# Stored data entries
##############################
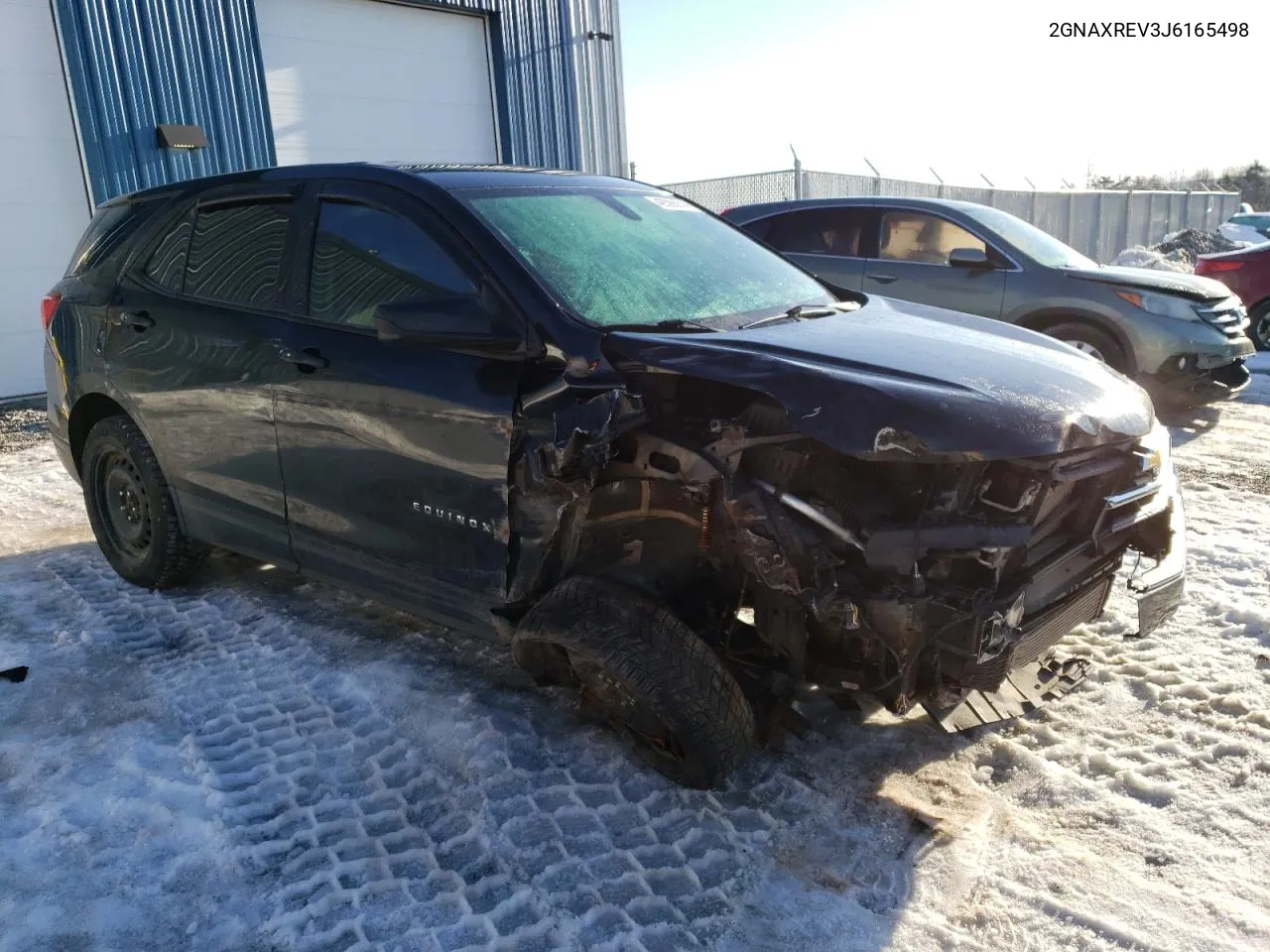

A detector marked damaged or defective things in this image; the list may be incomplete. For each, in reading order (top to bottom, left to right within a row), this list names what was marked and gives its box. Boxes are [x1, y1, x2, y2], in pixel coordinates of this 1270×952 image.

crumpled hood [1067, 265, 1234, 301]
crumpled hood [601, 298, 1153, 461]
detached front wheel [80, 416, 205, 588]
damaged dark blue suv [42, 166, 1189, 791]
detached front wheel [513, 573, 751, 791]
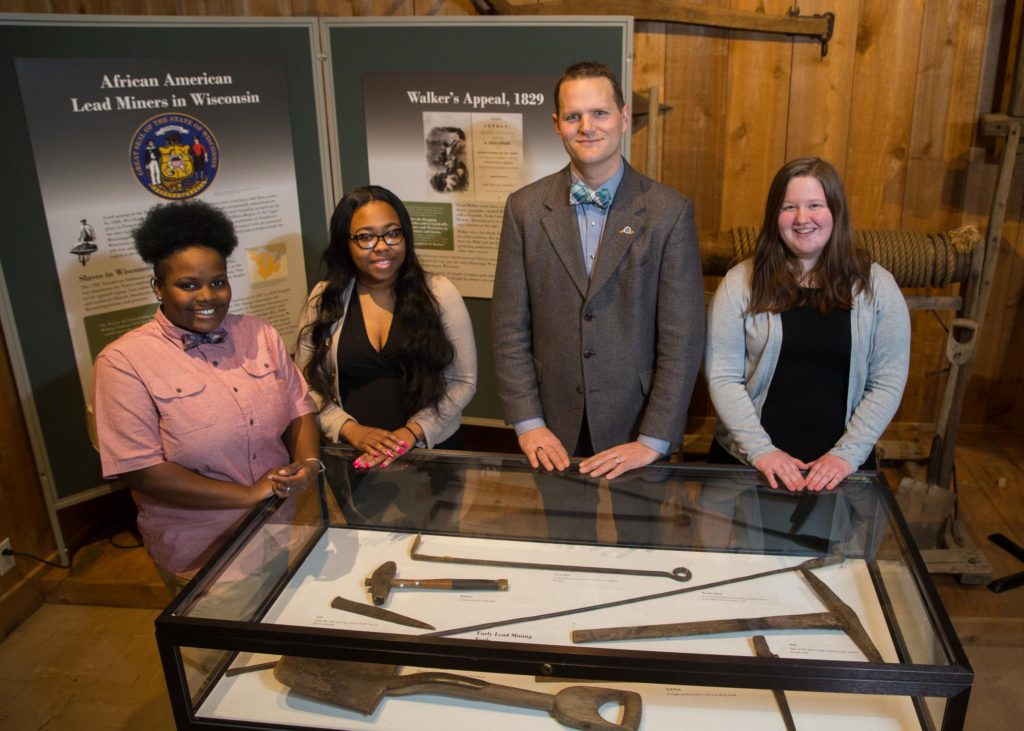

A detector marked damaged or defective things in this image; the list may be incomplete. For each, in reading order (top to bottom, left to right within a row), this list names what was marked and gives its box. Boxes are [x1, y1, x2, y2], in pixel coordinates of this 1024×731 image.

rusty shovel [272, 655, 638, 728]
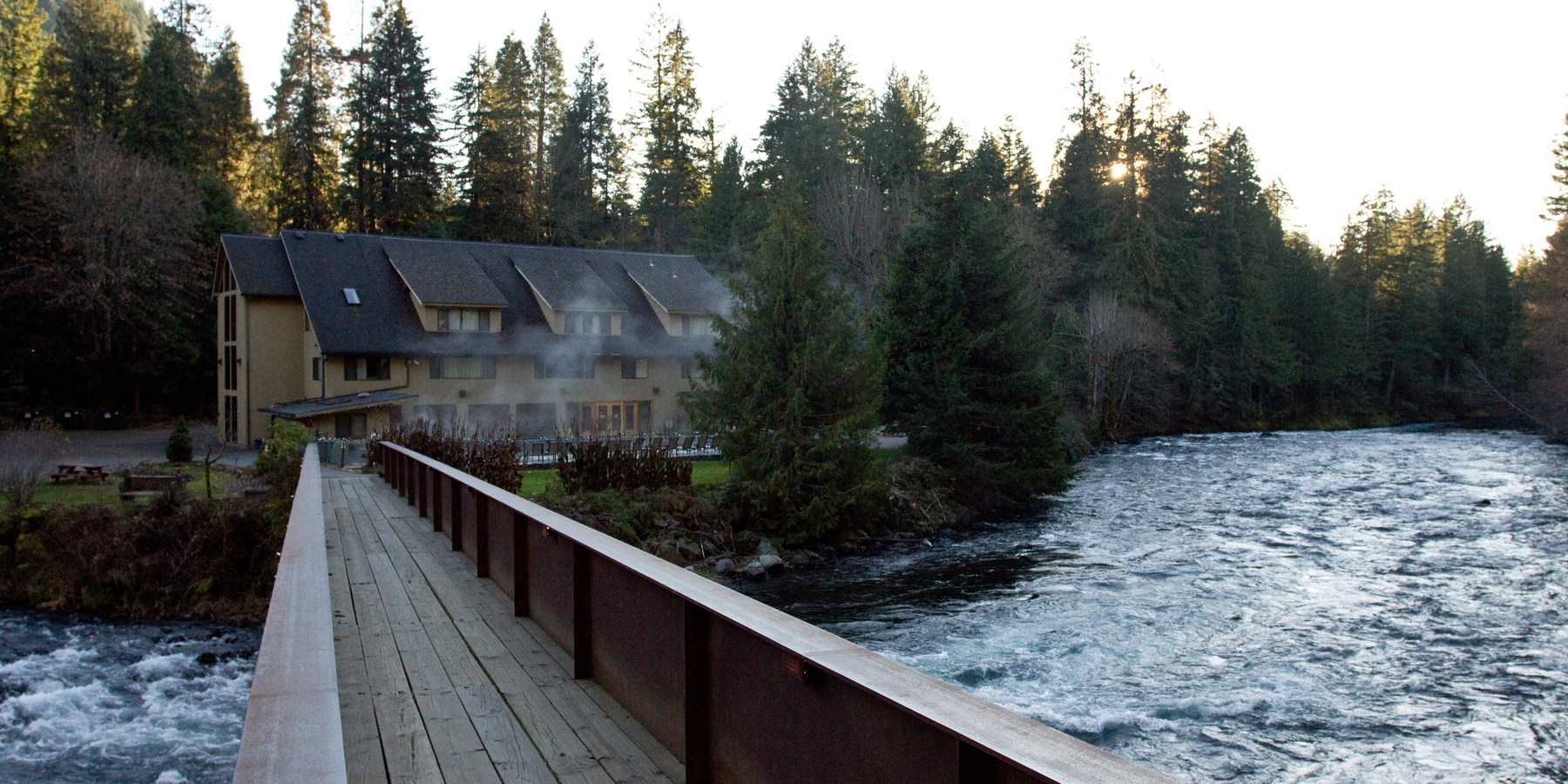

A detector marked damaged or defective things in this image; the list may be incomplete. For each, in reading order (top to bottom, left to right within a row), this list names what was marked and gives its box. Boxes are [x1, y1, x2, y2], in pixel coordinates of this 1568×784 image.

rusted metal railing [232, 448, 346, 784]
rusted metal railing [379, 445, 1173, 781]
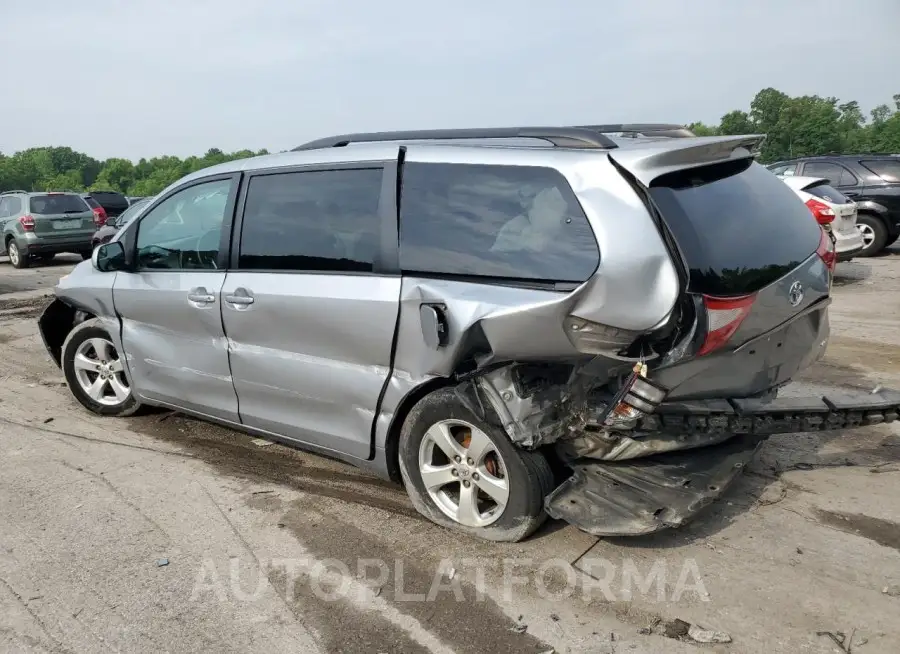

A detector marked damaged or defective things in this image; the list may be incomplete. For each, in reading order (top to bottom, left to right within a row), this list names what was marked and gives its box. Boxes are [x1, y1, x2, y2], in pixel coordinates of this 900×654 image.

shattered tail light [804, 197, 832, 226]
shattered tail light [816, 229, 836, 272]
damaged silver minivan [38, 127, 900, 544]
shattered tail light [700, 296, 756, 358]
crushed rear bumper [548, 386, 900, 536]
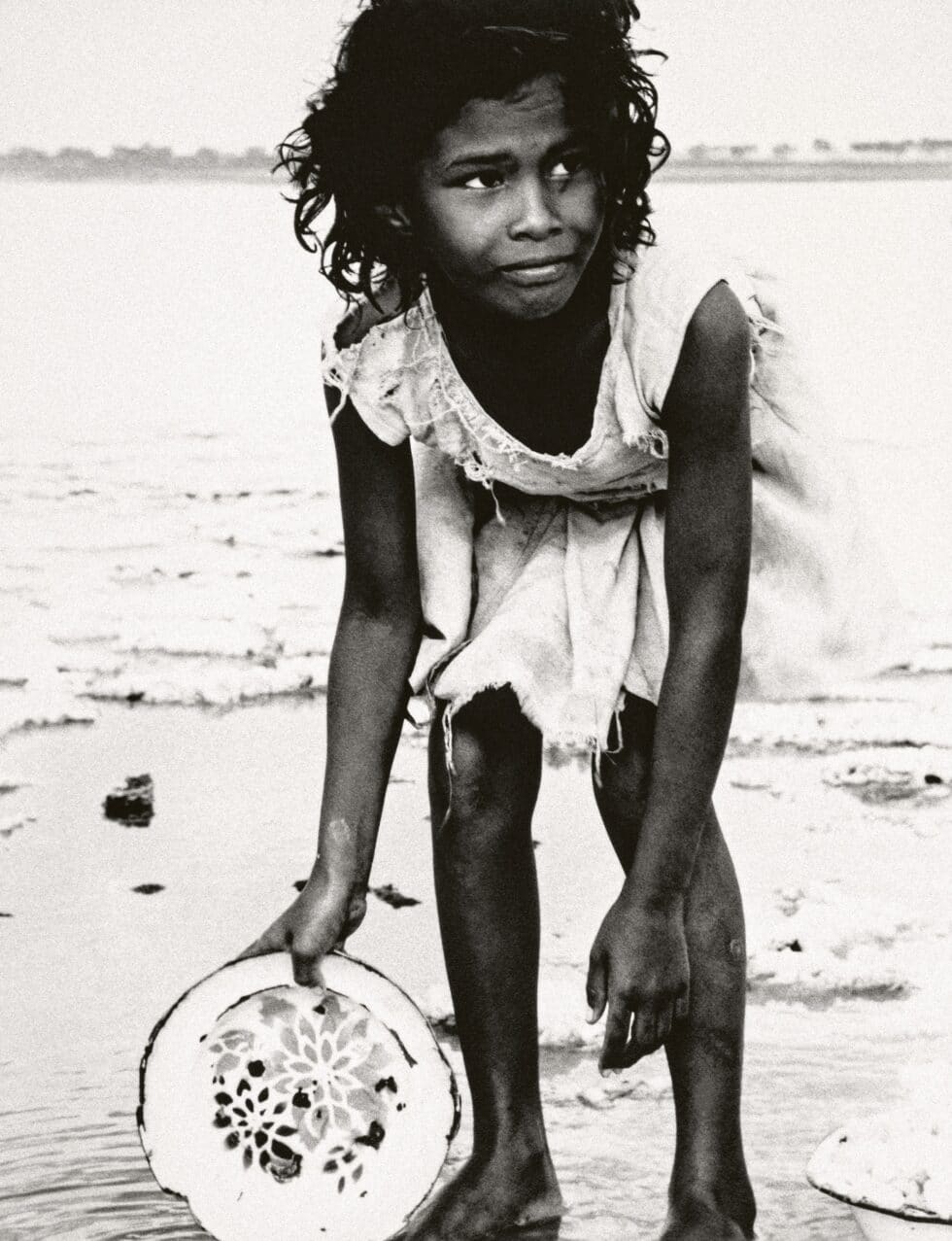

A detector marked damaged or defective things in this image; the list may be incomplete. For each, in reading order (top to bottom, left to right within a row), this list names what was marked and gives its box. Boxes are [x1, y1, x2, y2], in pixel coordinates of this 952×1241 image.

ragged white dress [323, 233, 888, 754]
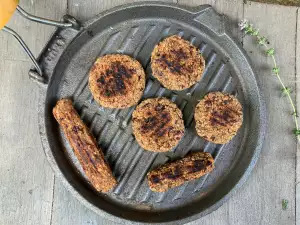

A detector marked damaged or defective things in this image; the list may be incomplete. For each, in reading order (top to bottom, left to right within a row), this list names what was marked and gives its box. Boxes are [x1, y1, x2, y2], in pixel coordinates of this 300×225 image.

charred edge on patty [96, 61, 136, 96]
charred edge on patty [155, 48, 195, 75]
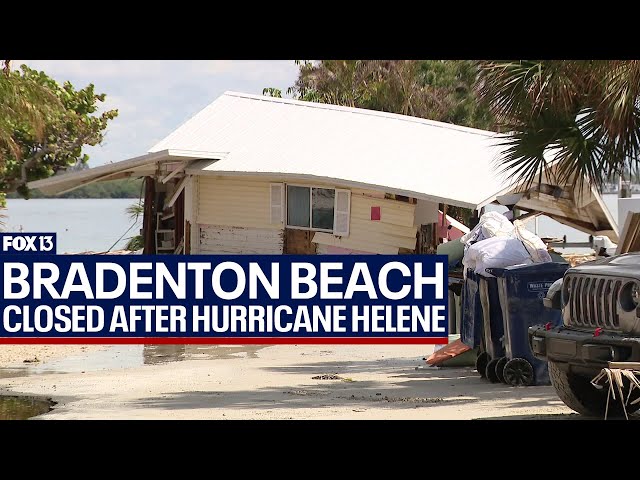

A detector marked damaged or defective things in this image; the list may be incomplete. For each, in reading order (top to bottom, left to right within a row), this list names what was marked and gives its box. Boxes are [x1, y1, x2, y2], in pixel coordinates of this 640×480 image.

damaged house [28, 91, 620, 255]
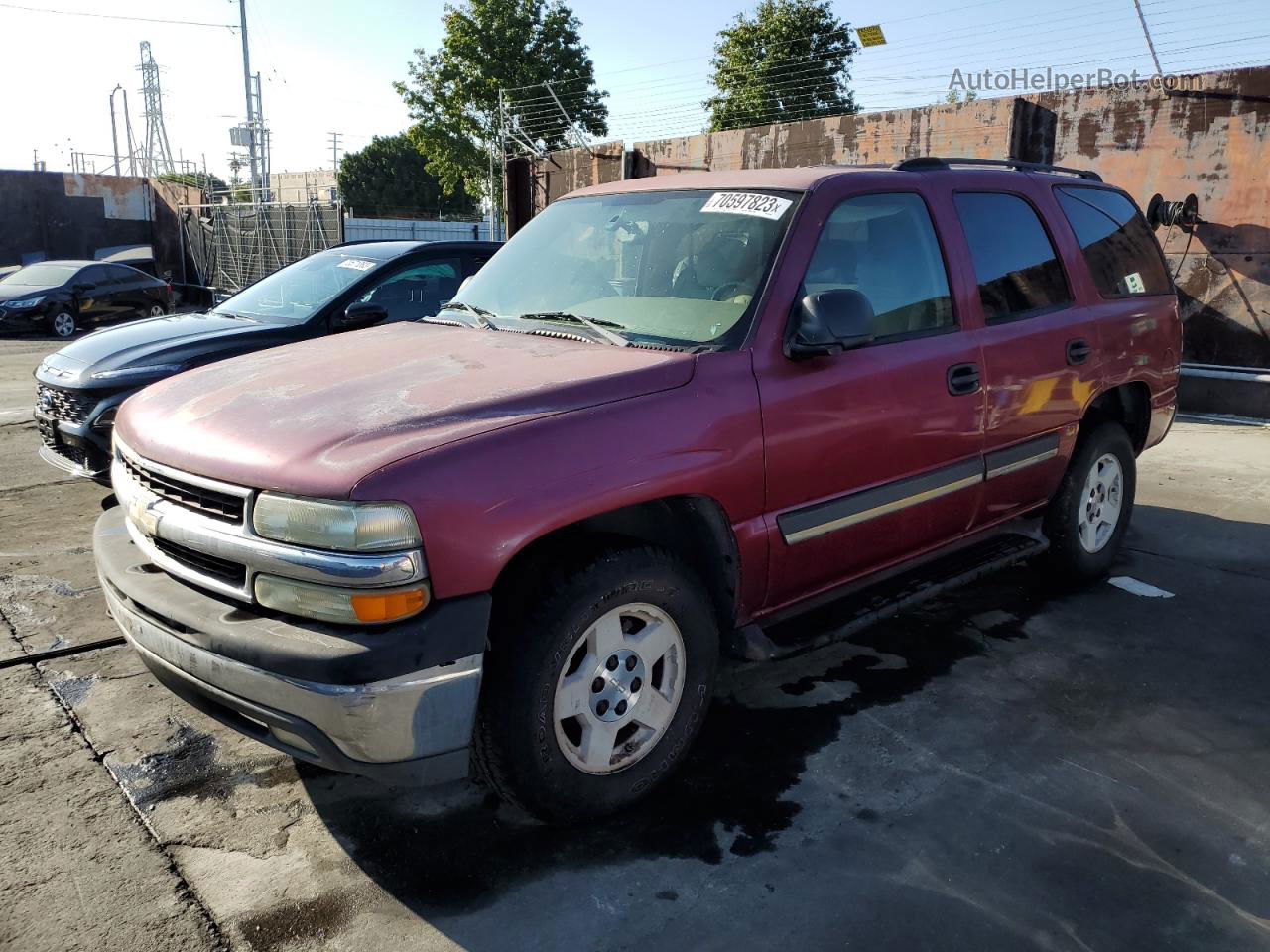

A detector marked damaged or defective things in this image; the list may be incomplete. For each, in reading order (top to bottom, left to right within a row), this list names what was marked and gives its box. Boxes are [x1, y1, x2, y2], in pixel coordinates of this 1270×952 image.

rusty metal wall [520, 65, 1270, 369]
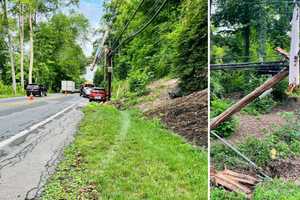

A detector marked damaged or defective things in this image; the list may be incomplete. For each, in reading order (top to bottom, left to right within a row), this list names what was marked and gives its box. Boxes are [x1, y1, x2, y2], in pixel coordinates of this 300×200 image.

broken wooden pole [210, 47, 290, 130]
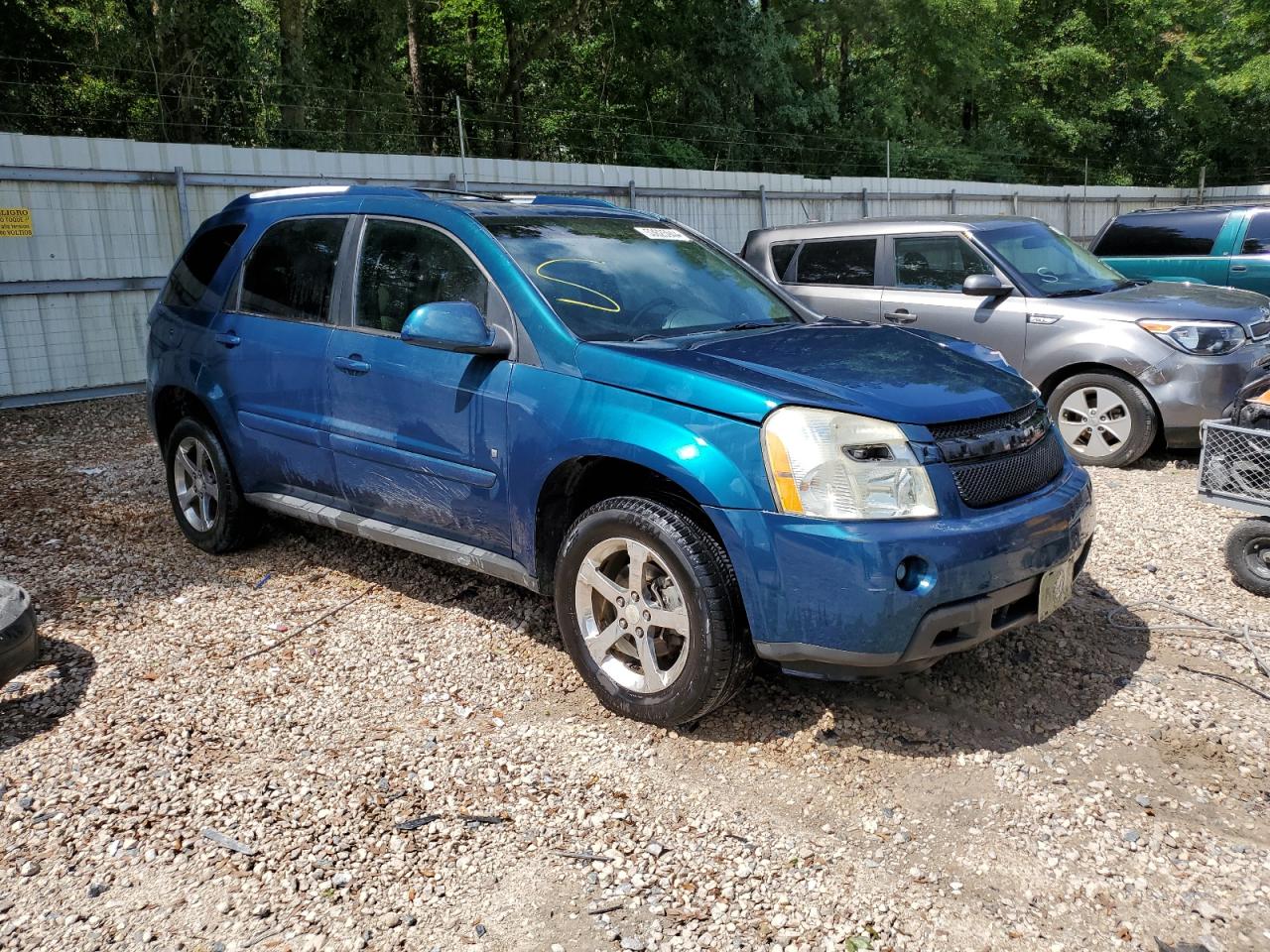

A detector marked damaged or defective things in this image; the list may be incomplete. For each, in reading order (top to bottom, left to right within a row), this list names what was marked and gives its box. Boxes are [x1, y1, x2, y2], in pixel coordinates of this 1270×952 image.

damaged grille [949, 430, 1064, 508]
##############################
# WHAT IS REQUIRED
What you need to copy is the run of lines from the one holding "this 300×200 image." through the end of the data, exactly and only, both ends included, pictures omitted.

# FINISHED EXERCISE
A detector marked damaged or defective things in this image; the list may be incomplete. For each, in reading order (top to bottom, left to right within a row), this list names what was marked and gives its box. Boxes are [x1, y1, x2, y2], in pixel coordinates of this 300×200 image.

broken wooden pole [210, 47, 290, 130]

A detector marked damaged or defective things in this image; the list may be incomplete. For each, in reading order (top to bottom, left to right within a row), this list names what was marked and gives its box. Boxes are [x1, y1, x2, y2], in pixel coordinates of this 1270×952 image.

damaged grille [949, 430, 1064, 508]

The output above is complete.